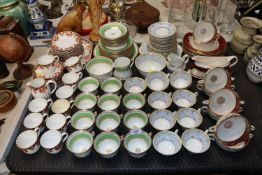 A quantity of Rockingham pattern teaware, Imari pa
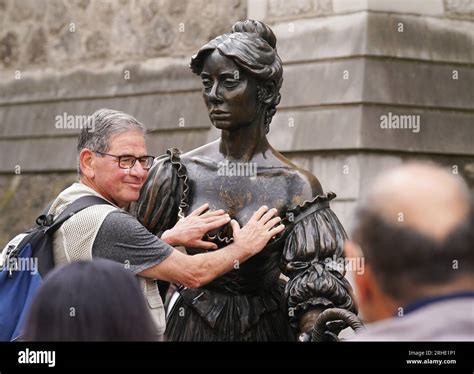 Molly Malone: A Legendary Figure in Irish Folklore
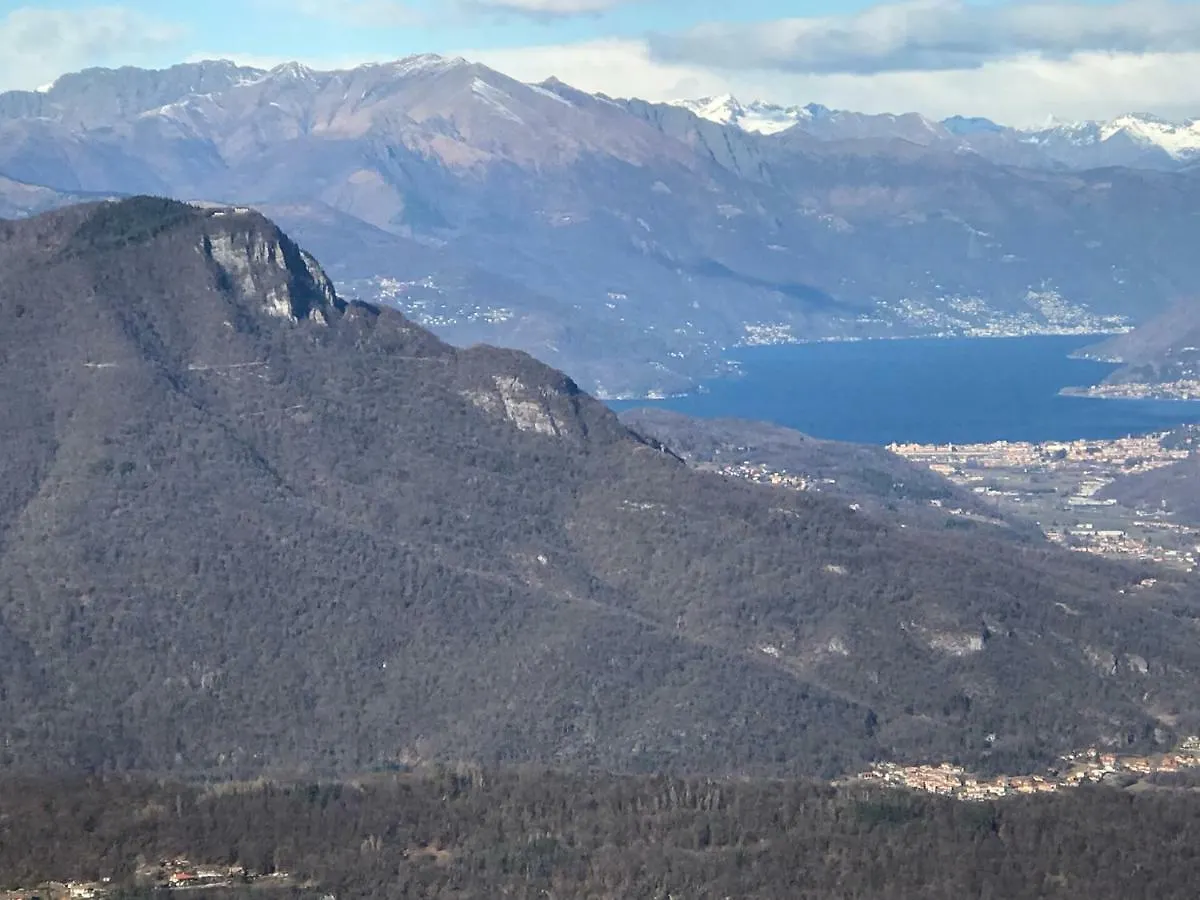 Lakeside Lago Maggiore Monvalle 0*,  Italy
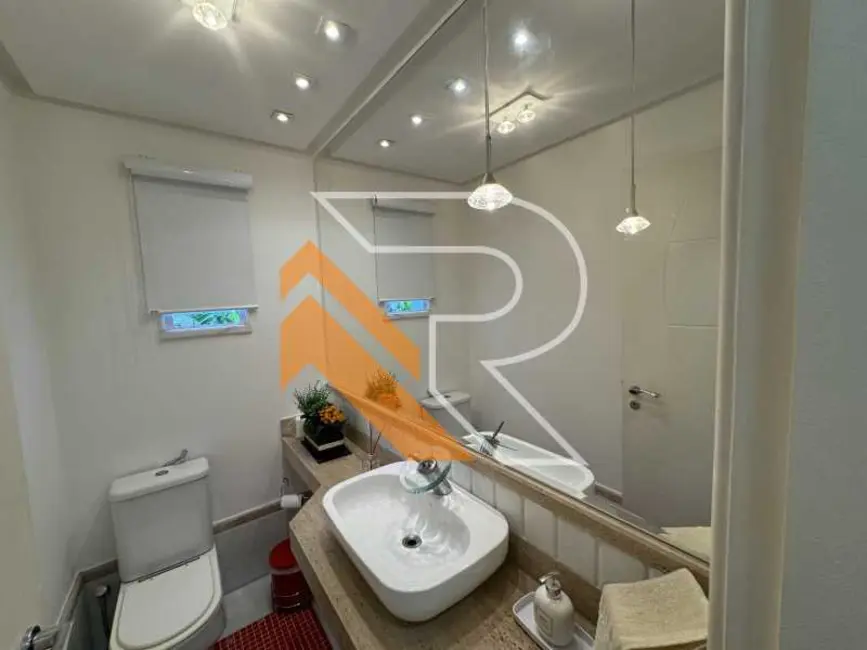 Foto 8 de Casa com 5 quartos à venda, 418m2 em Niteroi - RJ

[EXERCISE DETAILS]
Your copy of the listing should match it exactly, apart from the pictures, which are left out.

[YOUR SOLUTION]
 A quantity of Rockingham pattern teaware, Imari pa
 Molly Malone: A Legendary Figure in Irish Folklore
 Lakeside Lago Maggiore Monvalle 0*,  Italy
 Foto 8 de Casa com 5 quartos à venda, 418m2 em Niteroi - RJ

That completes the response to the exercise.